#### DATA FOR REVIEW
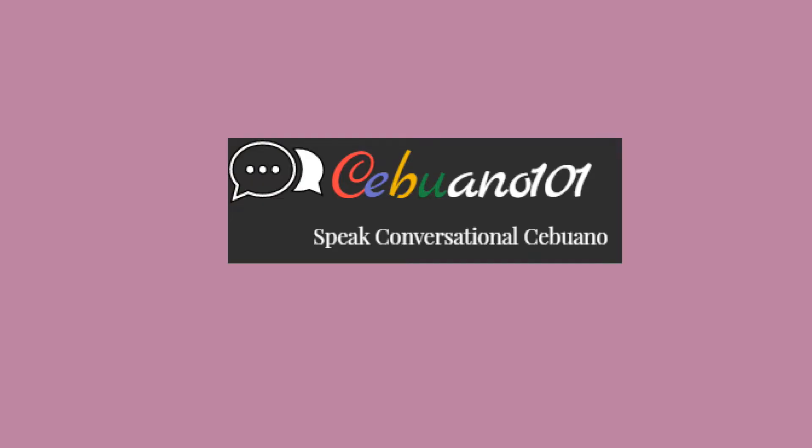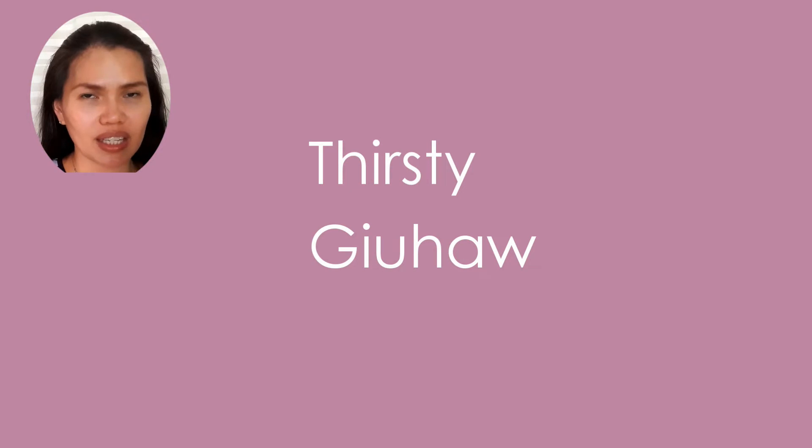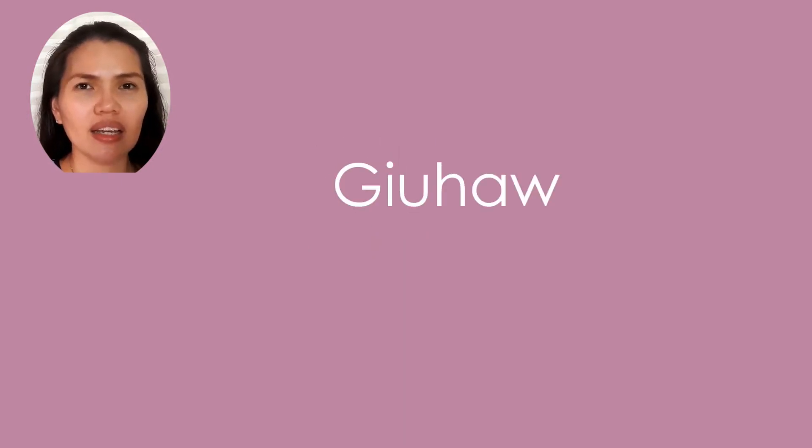Hi guys, this is your maestra, my name is Judy. Today I'm gonna teach you how to say 'I'm thirsty' in Bisaya. I'm thirsty: gi-u-hau-ko. Gi-u-hau-ko. I'm thirsty. Gi-u-hau means thirsty, and ko means I. Gi-u-hau-ko. Okay, repeat after me.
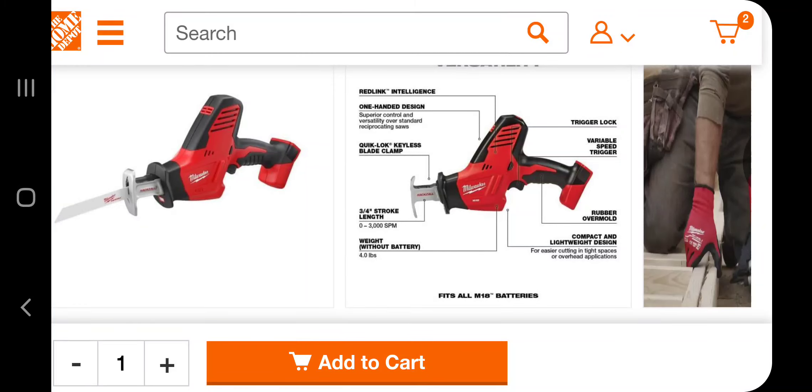Welcome back to another video. Today we have a hacksaw deal — this is a killer deal. Don't forget to help out the channel by subscribing, hitting the like, and hitting the bell icon so we can buy more tools like this and make more review videos. That's how the YouTube platform works, so help out the channel by doing so.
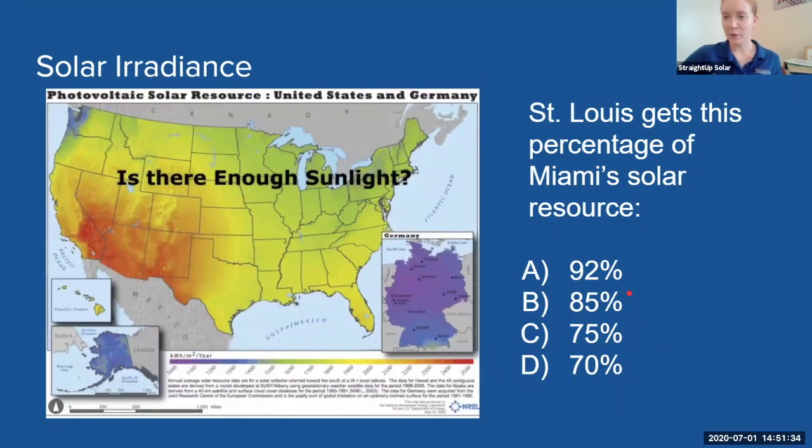So let's talk about whether there is enough sunlight to produce enough electricity. When we think of Miami, Florida, we probably think of summer vacation, the beach, and lots of sunlight and solar energy. But what about St. Louis? Do we think of St. Louis as having a lot of solar energy? Maybe not. But St. Louis actually gets 92% of the amount of sunlight that Miami, Florida does.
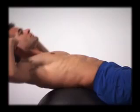Don't interlace your fingers behind your head and or pull on your head or neck. Avoid holding your breath for too long. Master the basics before moving on to more advanced variations. Stop if you feel any pain, discomfort, or dizziness. Always consult a physician before beginning this or any other exercise program.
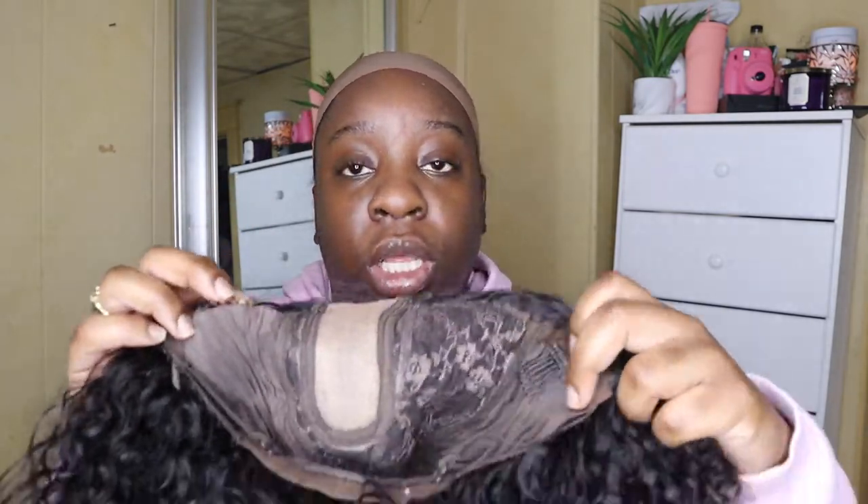I'm gonna show you the inside of the wig. This is how it looks — there's a clip here. Actually, there's not a clip there; the clips are in like weird spots at the corners. But you know, that's the business.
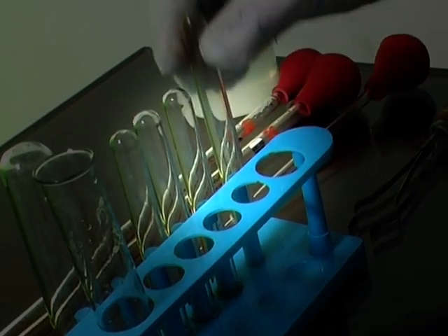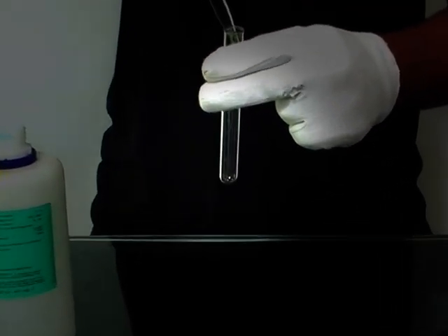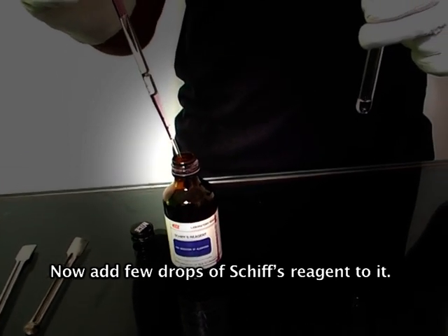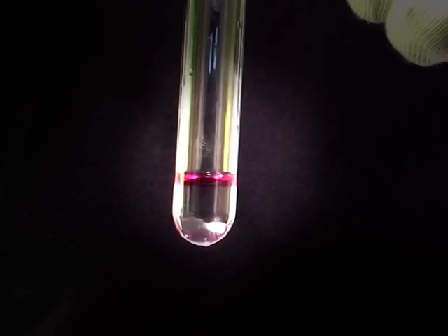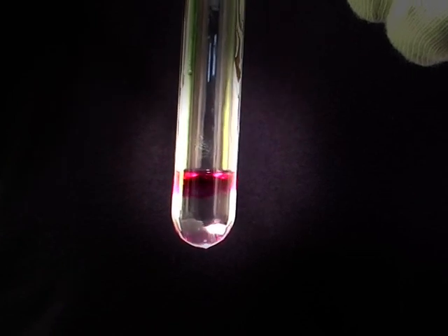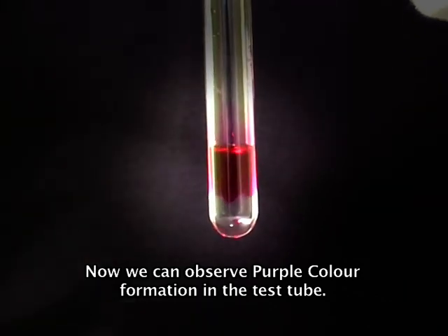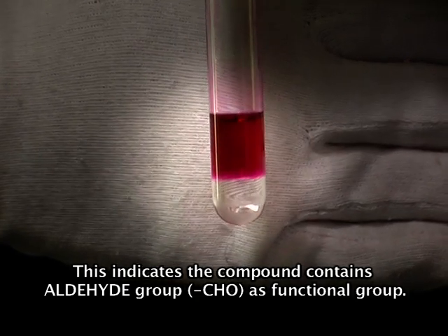Now take a clean test tube. With the help of a pipette, add 1 ml of sample. Now add few drops of Schiff's reagent to it. Now we can observe purple color formation in the test tube. This indicates the compound contains an aldehyde group as a functional group.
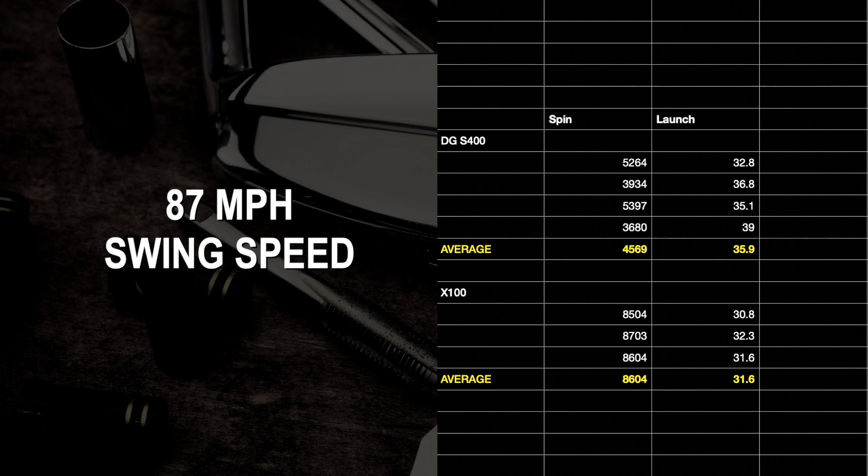Before this test, I went out to the range just to do a little proof of concept and found another golfer — very good, very strong, probably averaging mid-170s driver ball speed. His average club head speed with the wedges was around 86–88 miles per hour. For him, with the S400 shaft, we were spinning it at 45.69 hundred RPM with a launch angle of 35.9 degrees. When he moved to the X100 shaft, the spin jumped up to 86.04 hundred RPM and the launch angle dropped to 31.6 degrees — around 4,000 RPMs more spin and again about four degrees lower launch.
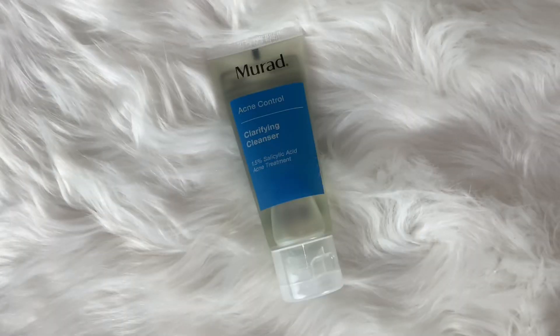This is Mirad acne control clarifying cleanser. I don't enjoy getting cleansers because I don't like changing my skincare — I've said this so many times. I'll probably try it just to see if it breaks me out, and I'll give it a little while since typically when you change cleansers you get a little breakout. I'm not going to change it quite yet because I'm still working on my current one.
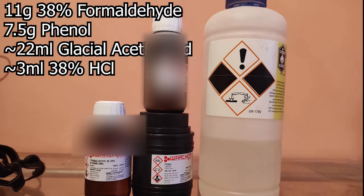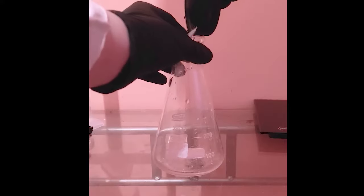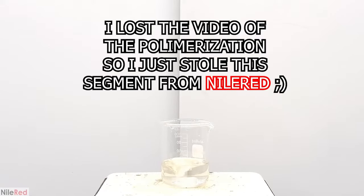For the synthesis I'll be using 11g of 38% formaldehyde, around 20ml of glacial acetic acid, some hydrochloric acid, and 7.5g of phenol, which was weighed off camera. After weighing the substances, I add the formaldehyde and phenol to the flask. After the phenol has dissolved, I pour in the glacial acetic acid. I then transfer some of the solution into a beaker and begin the polymerization by adding hydrochloric acid.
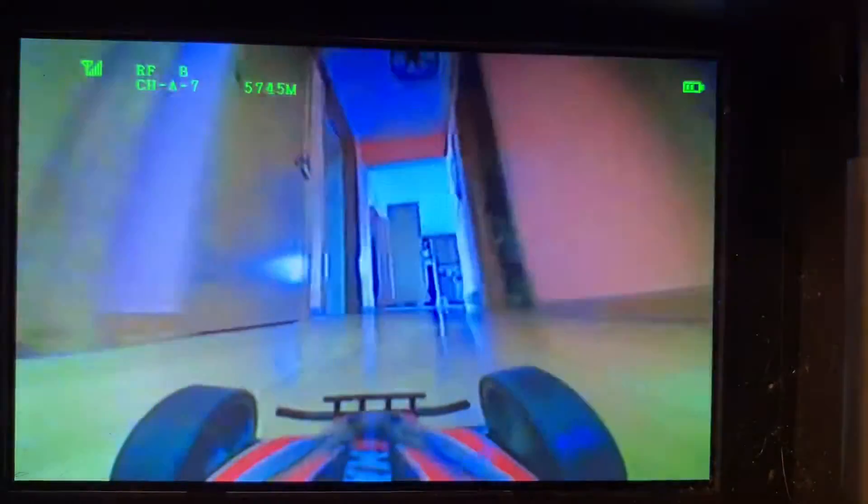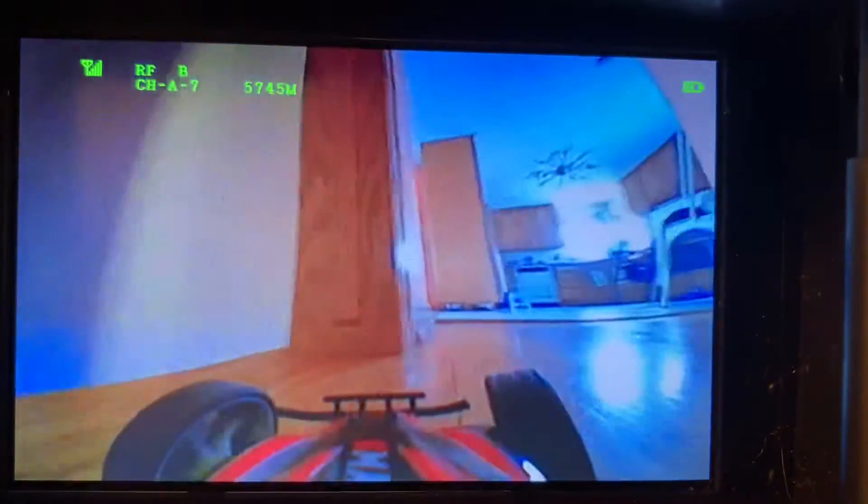I want to get one of the little FPV drones again. It spins out so easily because it has barely any tread on these tires.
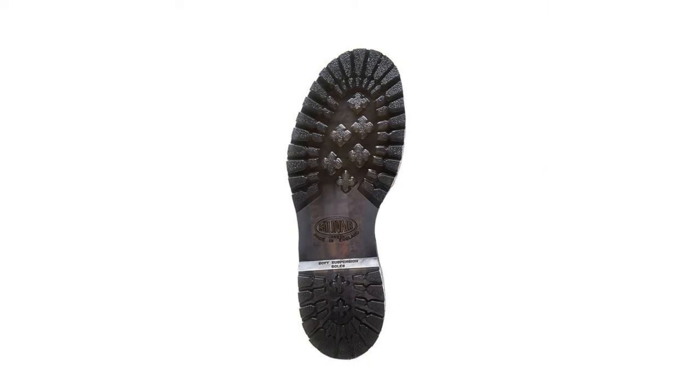Lastly, the biggest thing Solovair offers is that you can resole their boots — literally, I feel like this is a game changer. With Doc Martens you cannot resole the boots, so after they're done, you have to buy another pair. But with Solovair you can resole them — you can buy soles on their website, though it can be a little difficult to find your size. If you can manage it, you can have a pair of boots resoled repeatedly and they'll last a lifetime. So my question to you is: are you taking the blue pill or the red pill?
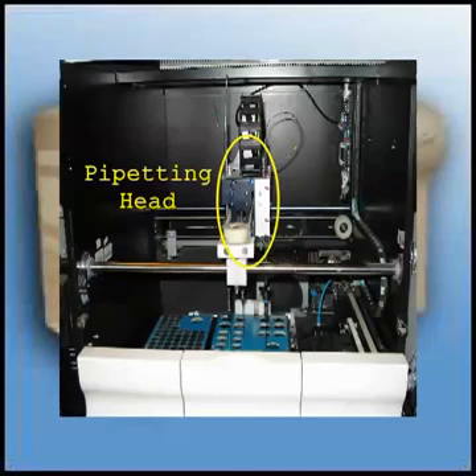The front plexiglass cover lifts up, allowing you access to the pipetting head, arm 1, and the inside of the unit. The unit will shut down unless the service disc is in the floppy drive or the door safety switch is bypassed.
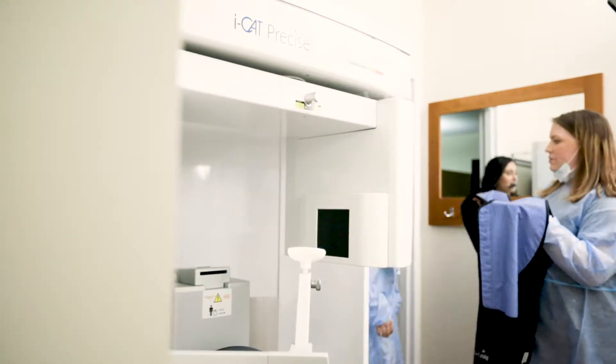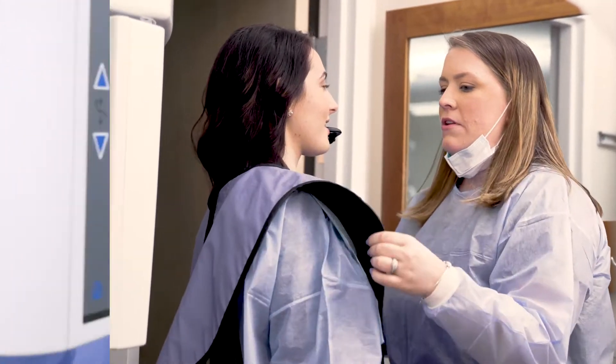After we attach the splint, my assistants will take a CT scan to register the patient.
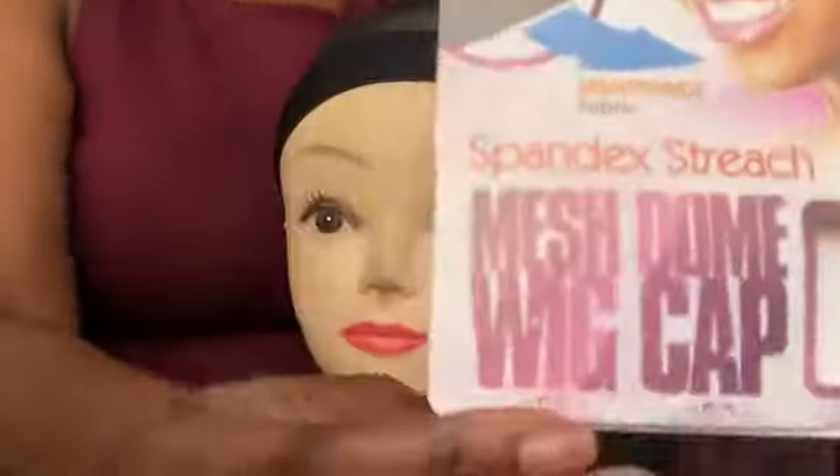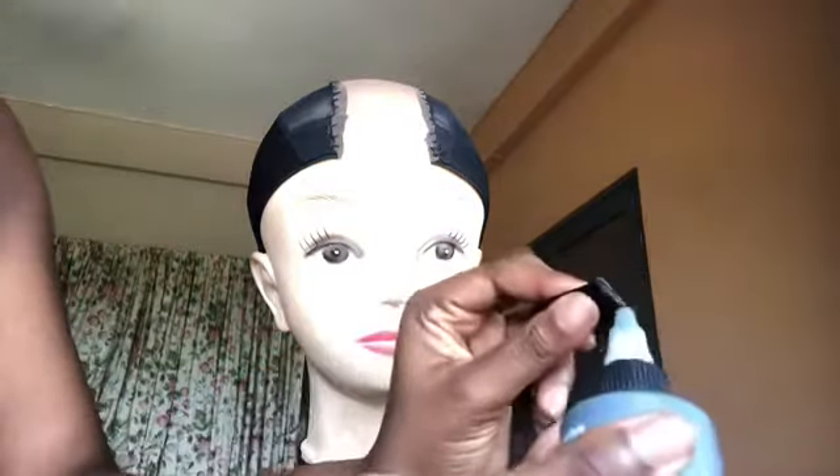Welcome back to my channel. This is going to be a tutorial on how to make an invisible wig. This is a client's wig I'm working on. The invisible is for clients who can't afford a closure. The quality of the hair is a grade nine, which is okay, but the client decided to use invisible because she was low on budget and couldn't afford a closure.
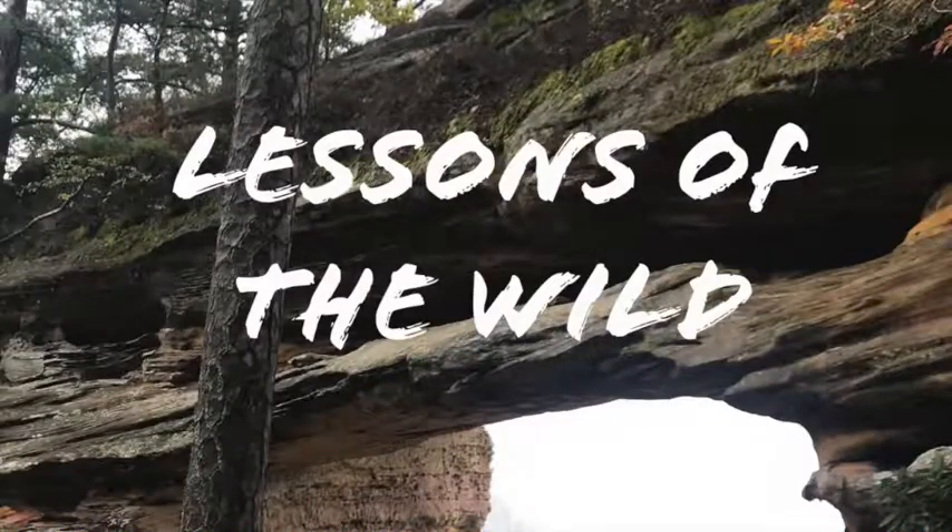Hello, and welcome to another episode of the Lessons of the Wild podcast, the beginner's guide to hunting. I'm your host, Alex Hernandez. Thank you for listening. This episode, I'm going to cover a topic that when I first started hunting, I felt was super intimidating, and that is field dressing the animal you just successfully killed.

#### ABOUT THIS EXERCISE
Given the listing above, retype only the span of lines from the line with "Now take a clean" up to and including the line with "Before this test, I", exactly as it stands and without pictures.

#### TASK RESPONSE
Now take a clean test tube. With the help of a pipette, add 1 ml of sample. Now add few drops of Schiff's reagent to it. Now we can observe purple color formation in the test tube. This indicates the compound contains an aldehyde group as a functional group.
Before this test, I went out to the range just to do a little proof of concept and found another golfer — very good, very strong, probably averaging mid-170s driver ball speed. His average club head speed with the wedges was around 86–88 miles per hour. For him, with the S400 shaft, we were spinning it at 45.69 hundred RPM with a launch angle of 35.9 degrees. When he moved to the X100 shaft, the spin jumped up to 86.04 hundred RPM and the launch angle dropped to 31.6 degrees — around 4,000 RPMs more spin and again about four degrees lower launch.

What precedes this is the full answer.